Training with ground-truth labeled and Snorkel-labeled dataJanuary 21, 2021 at 2:44am
Background: I'm writing a conference paper on some Snorkel work, so I want to make sure I understand why Snorkel is considered a weak supervision approach, but isn't considered a semi-supervised learning approach, even though many tutorials leverage some ground truth data in addition to unlabeled data.
I understand that Snorkel was designed to work so that no ground truth is required. In a semi-supervised situation where we have a small number (e.g., 50) of correctly labeled samples and a larger number of unlabeled samples (e.g., 300) and LFs for all samples, my mental model is that Snorkel looks at agreements and disagreements among LFs only, but could not leverage the separate bank of ground truth labels -- at least not internally in its algorithms to improve its reconciliation of agreements and disagreements or algorithmic construction of its Label Model.

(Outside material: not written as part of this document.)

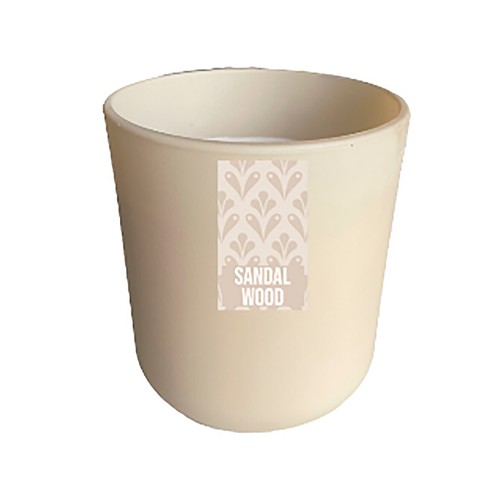 Vela perfumada, color beige, duración de 30 horas, ALCAMPO.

However, I recall from a post earlier (June 9th) that one way to use labeled data is to use ground truth labels "where they exist and Snorkel-generated ones otherwise." If we do that, isn't that approach technically semi-supervised learning, even though Snorkel's internal Label Model construction may not be? Has there been any comparison as to how well this combined ground truth labeled + Snorkel labeling of the rest of the data semi-supervised approach works, compared to other semi-supervised learning methods?

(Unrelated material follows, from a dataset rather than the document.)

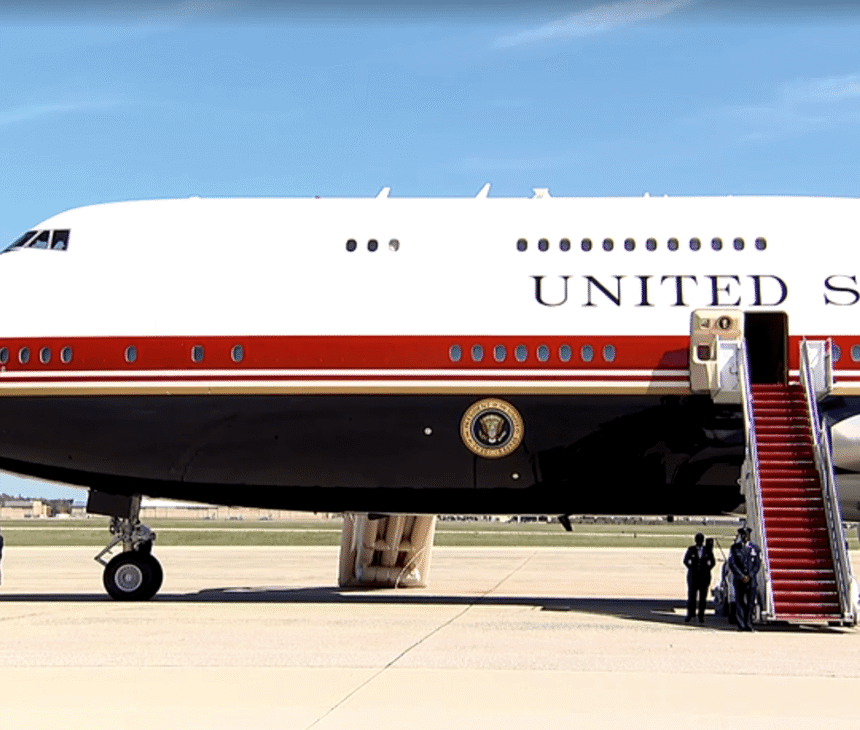 Novo Air Force One na Base Conjunta Andrews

January 28, 2021 at 10:25pm
Hi (wimurr) great question! You could certainly draw the connections and indeed some Snorkel papers have compared directly against traditional semi-supervised learning (SSL) approaches (e.g. http://www.vldb.org/pvldb/vol12/p223-varma.pdf for one). I would say that SSL is an approach where some labeled and a larger amount of unlabeled data is used, generally in a domain/problem-agnostic way, whereas weak supervision is where unlabeled data is weakly labeled using domain expertise. The fact that some labeled data is often helpful in WS approaches certainly blurs the lines, and makes comparison fair, but the two remain functionally distinct. As for papers on using both labeled and unlabeled data- for one recent one see: https://mayeechen.github.io/files/Value_of_Data_Full.pdf. Hope this helps!